Provided data
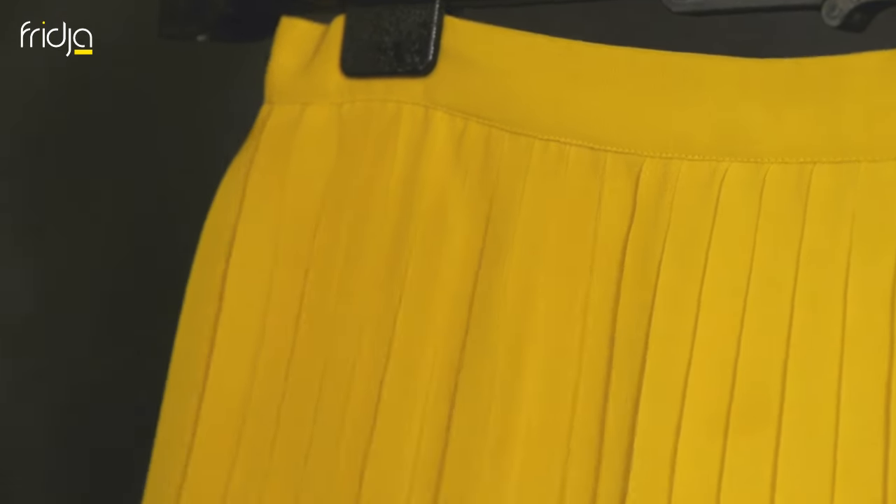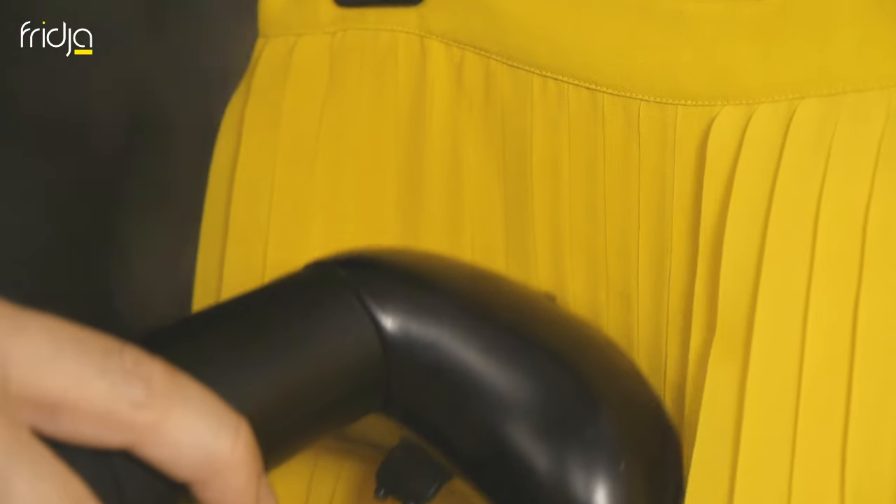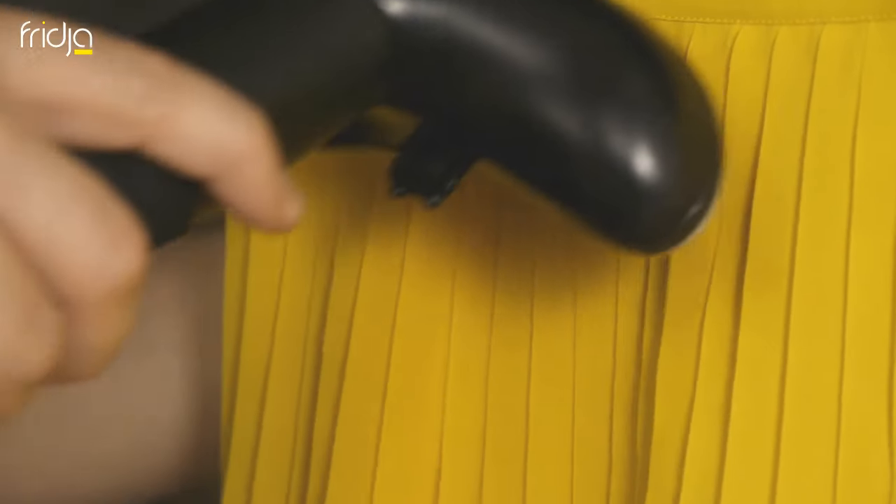This sunny yellow skirt will brighten up any day, except the day you try to iron it. But with a Fridja garment steamer, you'll be armed like a professional.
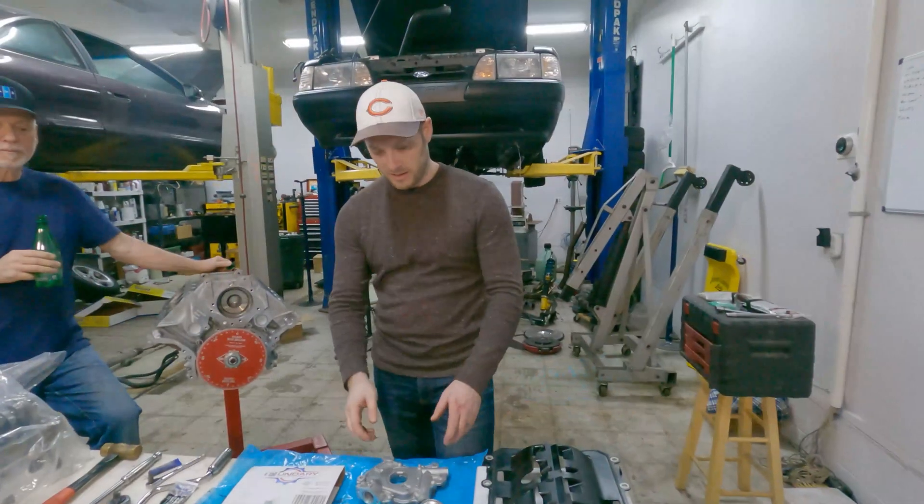This is the cylinder head changing kit from Ford Racing. This is by far the cheapest way to do your cylinder heads because it comes with new torque-to-yield head bolts and the head gaskets. I think this costs about a hundred bucks. Be careful with these MLS head gaskets — they will cut you. They will slice you like razors. I've got a couple of scars to prove it.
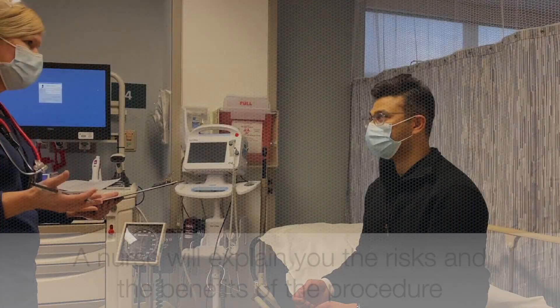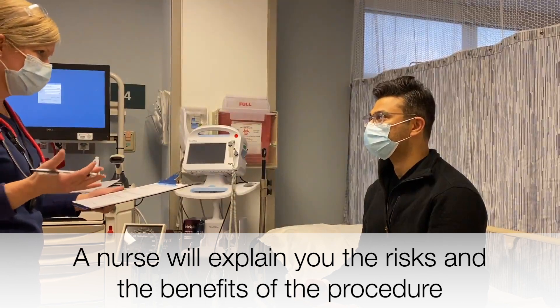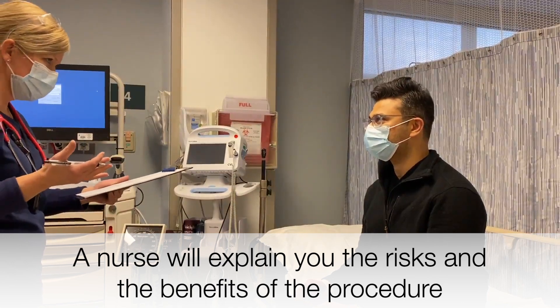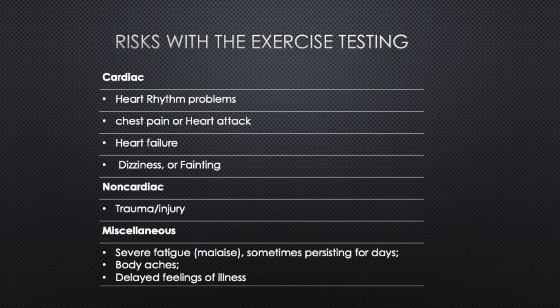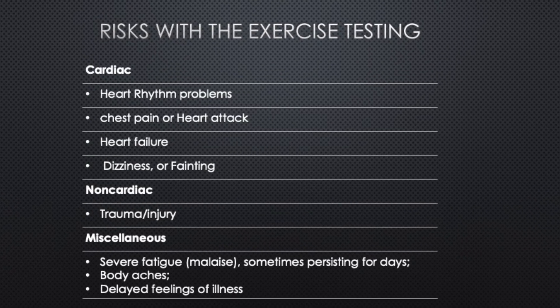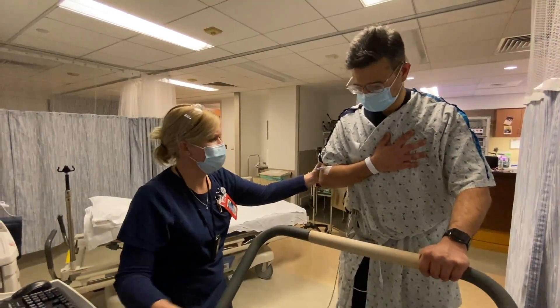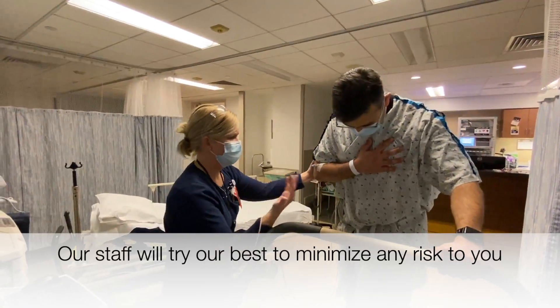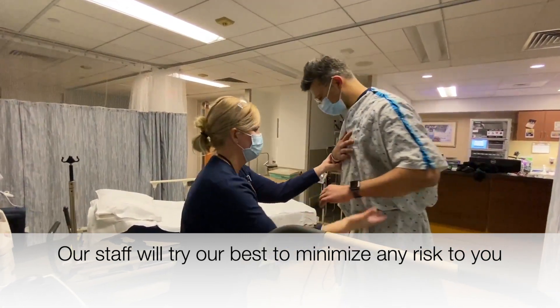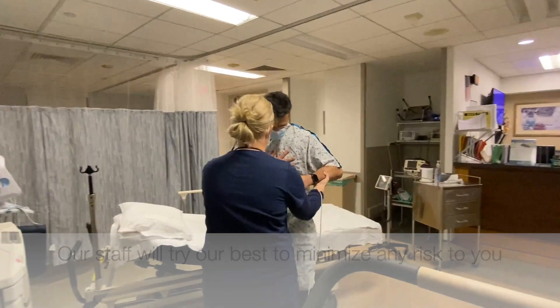Before we start, the nurse will explain the risks and benefits of the test. This test is done routinely, but as with every test, there are potential risks. The most common risk is chest pain. Other risks include dizziness, nausea, or rarely an allergic reaction to medications.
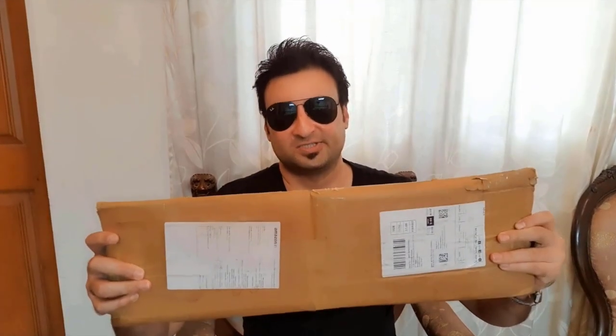Welcome back to Innovate with Karan. You all should do a lot of exercise by cycling a lot, but a cycle takes up too much space in your garage. So, to reduce the space, here is a device. Let me unbox it and show it to you.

Task goal
Write out the full listing verbatim, excluding its pictures.

Output of the task
This sunny yellow skirt will brighten up any day, except the day you try to iron it. But with a Fridja garment steamer, you'll be armed like a professional.
This is the cylinder head changing kit from Ford Racing. This is by far the cheapest way to do your cylinder heads because it comes with new torque-to-yield head bolts and the head gaskets. I think this costs about a hundred bucks. Be careful with these MLS head gaskets — they will cut you. They will slice you like razors. I've got a couple of scars to prove it.
Before we start, the nurse will explain the risks and benefits of the test. This test is done routinely, but as with every test, there are potential risks. The most common risk is chest pain. Other risks include dizziness, nausea, or rarely an allergic reaction to medications.
Welcome back to Innovate with Karan. You all should do a lot of exercise by cycling a lot, but a cycle takes up too much space in your garage. So, to reduce the space, here is a device. Let me unbox it and show it to you.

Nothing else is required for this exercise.